There are significant gaps between legal and technical thinking around data privacy. Technical standards of privacy are described using mathematical language and strive for mathematical rigor whereas legal standards are not rigorous from a mathematical point of view and the concepts underlying them are only partially defined. As a result, arguments about the adequacy of technical privacy measures for satisfying legal privacy often lack rigor, and their conclusions are uncertain. We ask whether it is possible to introduce mathematical rigor into such analyses so as to “prove” claims that technical privacy measures meet legal expectations.

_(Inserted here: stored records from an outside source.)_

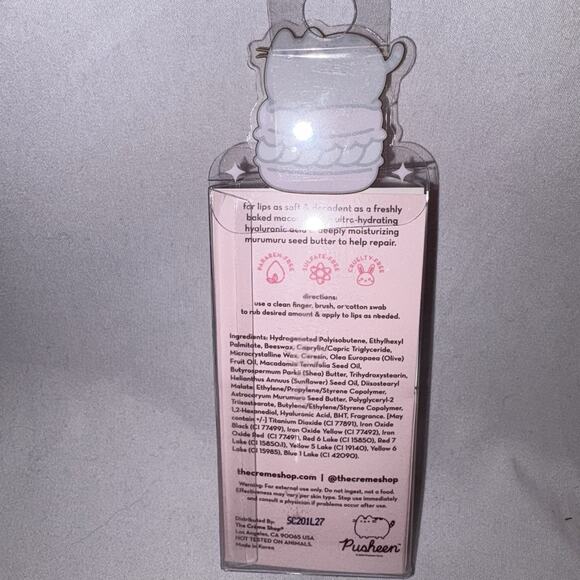 The Creme Shop x PUSHEEN Plush Makeup Mirror & Macaron Lip Balm NEW - Picture 6 of 7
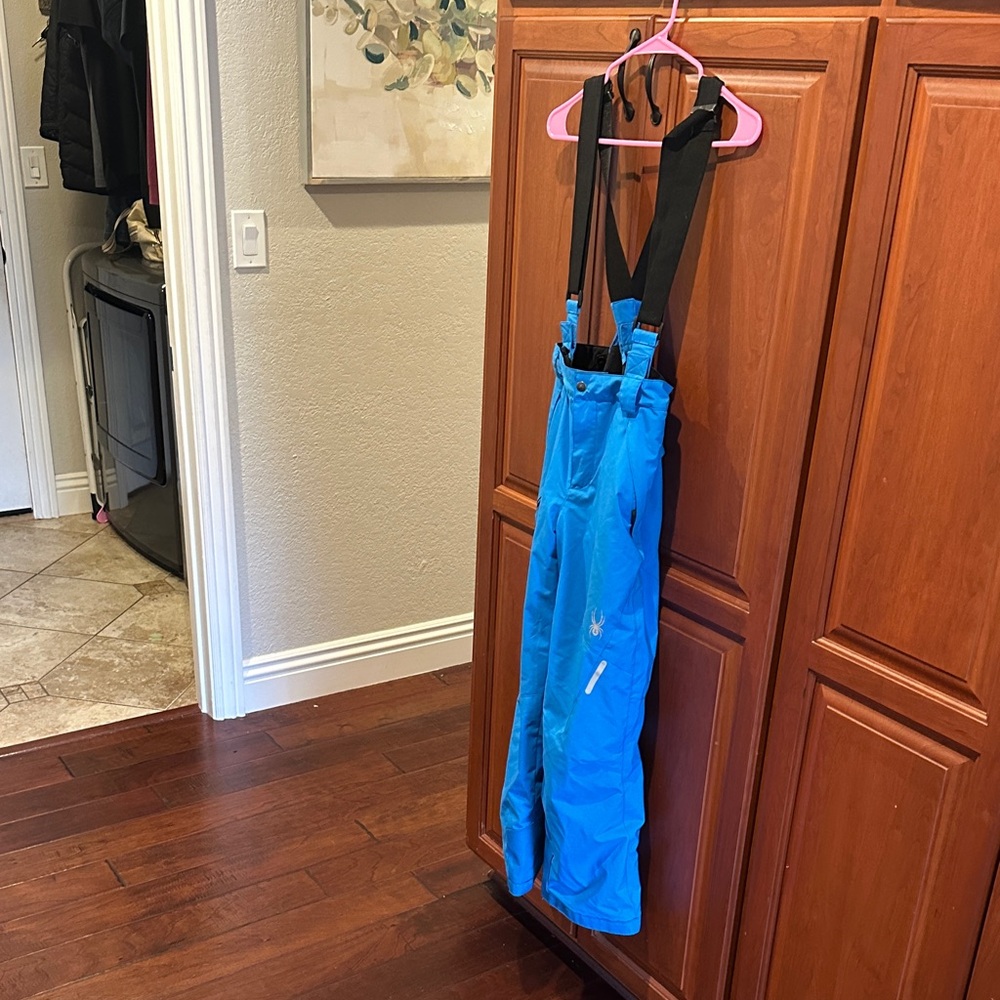Spyder Kids Blue Overalls with Black Straps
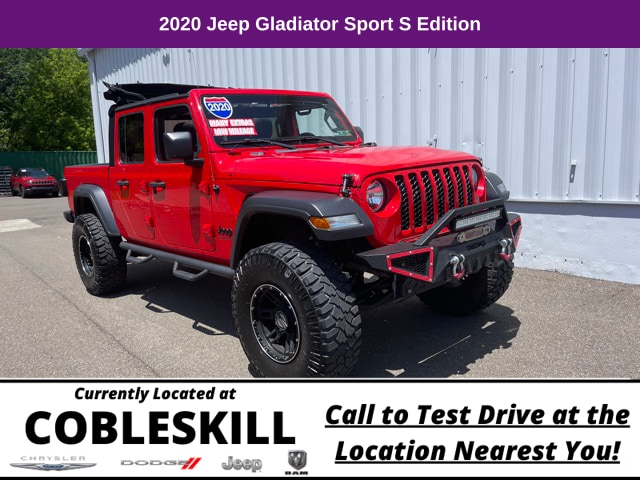 Used 2020 Jeep Gladiator Sport S with VIN 1C6HJTAG7LL117386 for sale in Cobleskill, NY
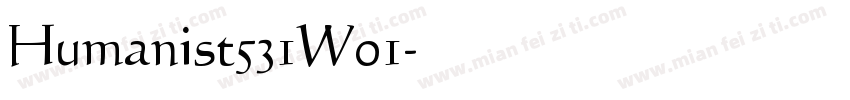 Humanist531W01字体转换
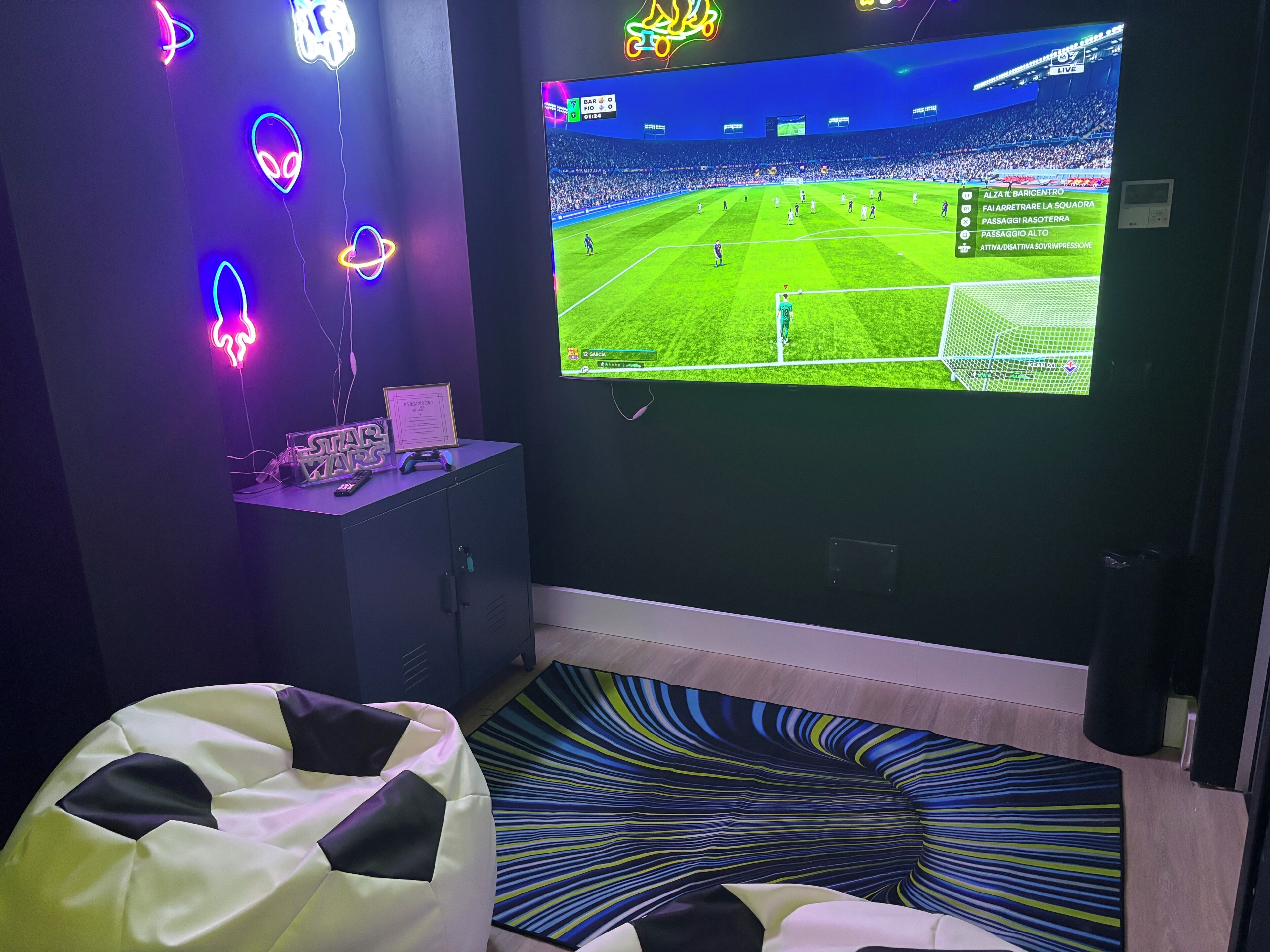 Phòng trò chơi máy arcade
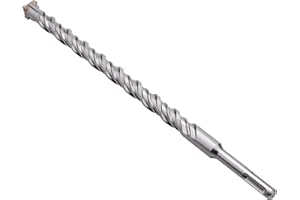 GRIXLEN 3/8 in x 18 in (10 x 460mm) SDS Plus Rotary Hammer Drill Bit, Concrete Drill Bit,Masonry Drill Bit for Concrete, Brick and Cement (Length : 460mm / 18 inch, 3/8 inch （ 10mm)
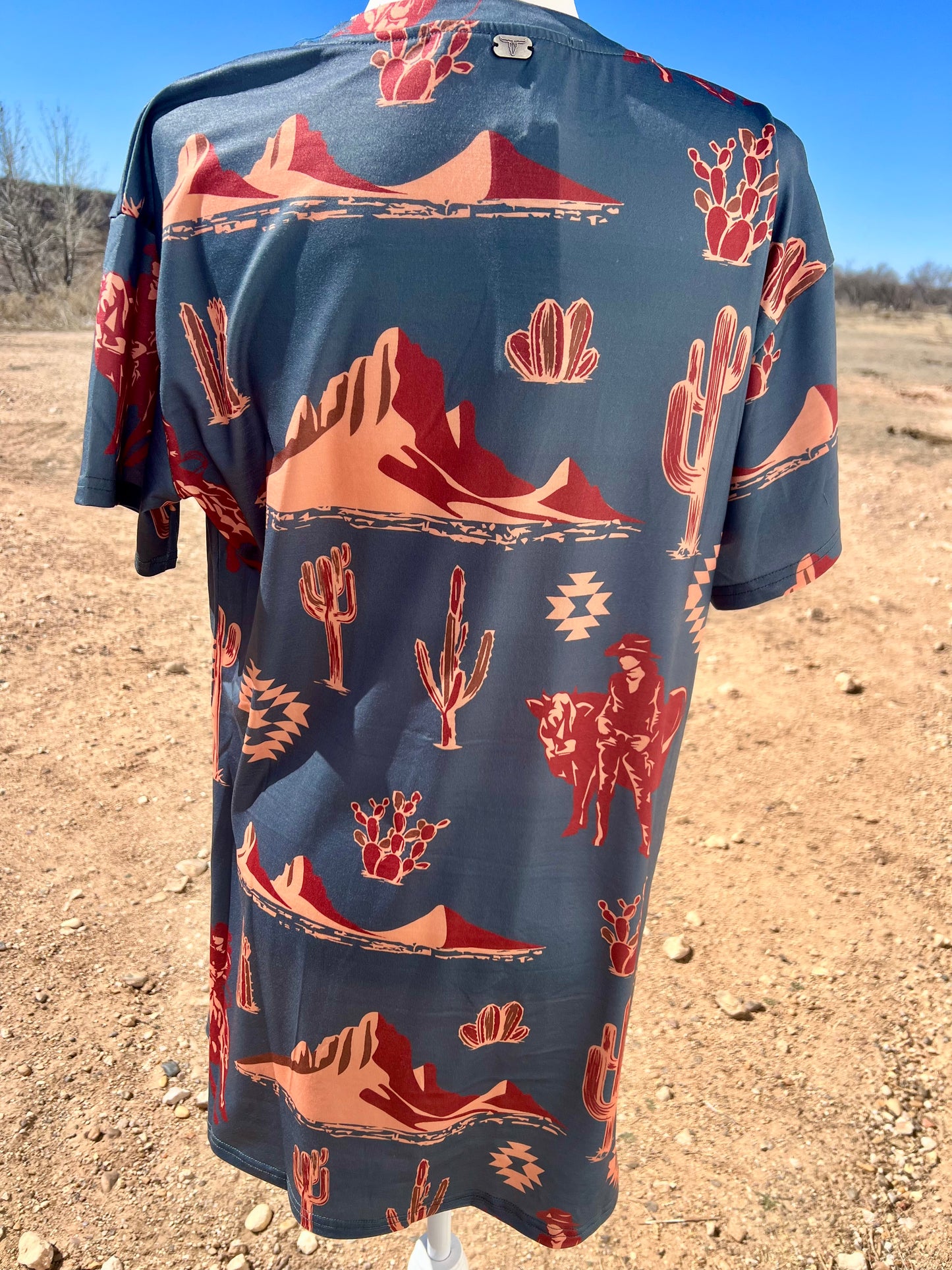 Western Printed Dress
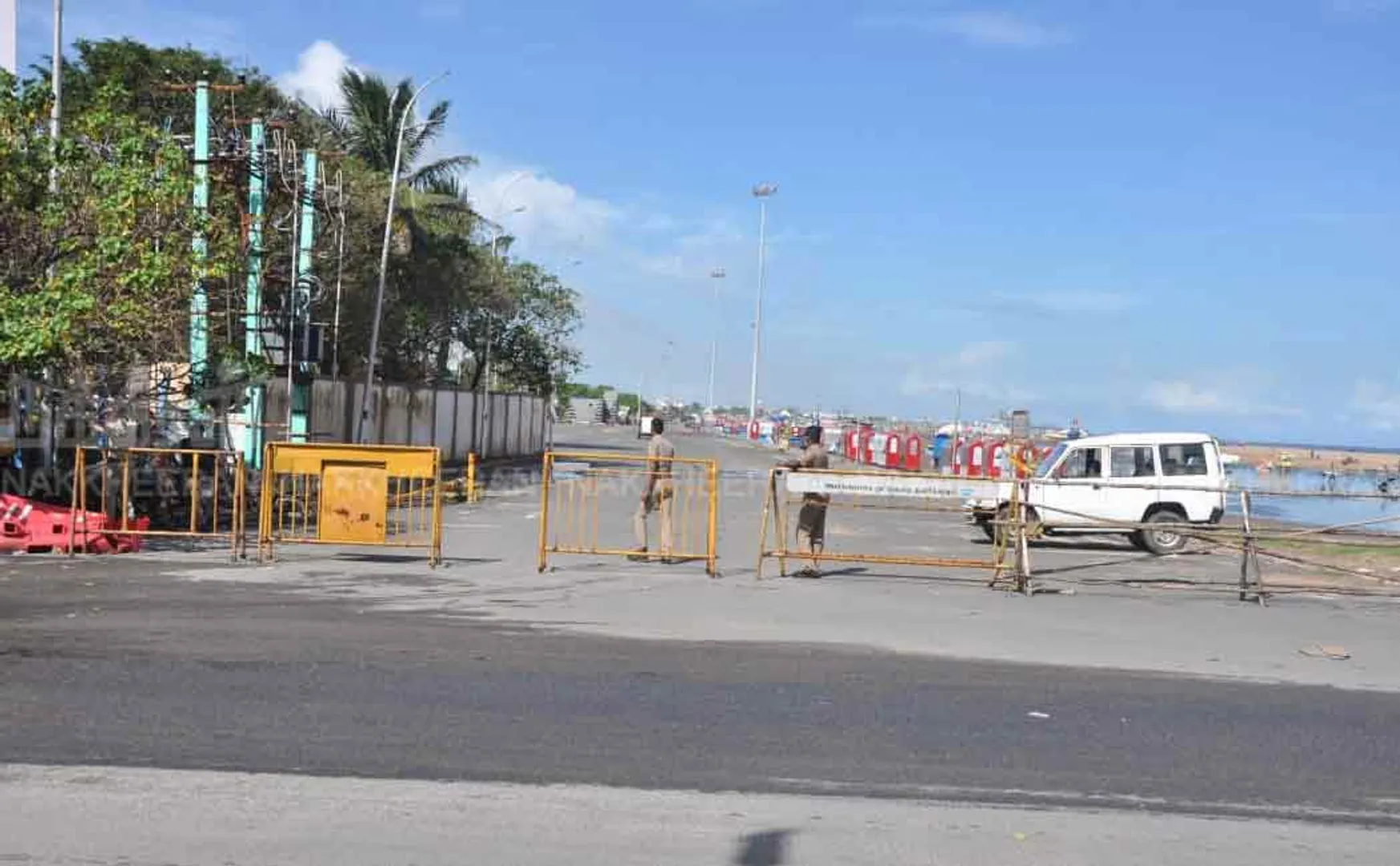 Forbidden to go to Marina Beach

We explore some of the gaps between legal and technical approaches to privacy and present initial strategies towards bridging these gaps.

As a particular example, we focus on the concept of singling out from the EU’s General Data Protection Regulation (GDPR). To capture this concept, we define a new type of privacy attack, predicate singling out, where an adversary finds a predicate matching exactly one row in a database with probability significantly better than a statistical baseline. We then argue that any data release mechanism that purports to “render anonymous” data under the GDPR should prevent predicate singling out. Hence, the concept has legal consequences as it can be used as a yardstick for arguing whether data release mechanisms meet the GDPR standard of data anonymization.
Based on joint work with Micah Altman, Aloni Cohen, and Alex Wood.
Prof. Kobbi Nissim is a McDevitt Chair at the department of Computer Science, Georgetown University and affiliated with Georgetown Law. Nissim’s work is focused on the mathematical formulation and understanding of privacy. His work from 2003 and 2004 with Dinur and Dwork initiated rigorous foundational research of privacy and in 2006 he introduced differential privacy with Dwork, McSherry and Smith. Nissim was awarded the Caspar Bowden Privacy for research in Privacy Enhancing Technology in 2019, the Gödel Prize in 2017, IACR TCC Test of Time Awards in 2016 and in 2018, and the ACM PODS Alberto O. Mendelzon Test-of-Time Award in 2013.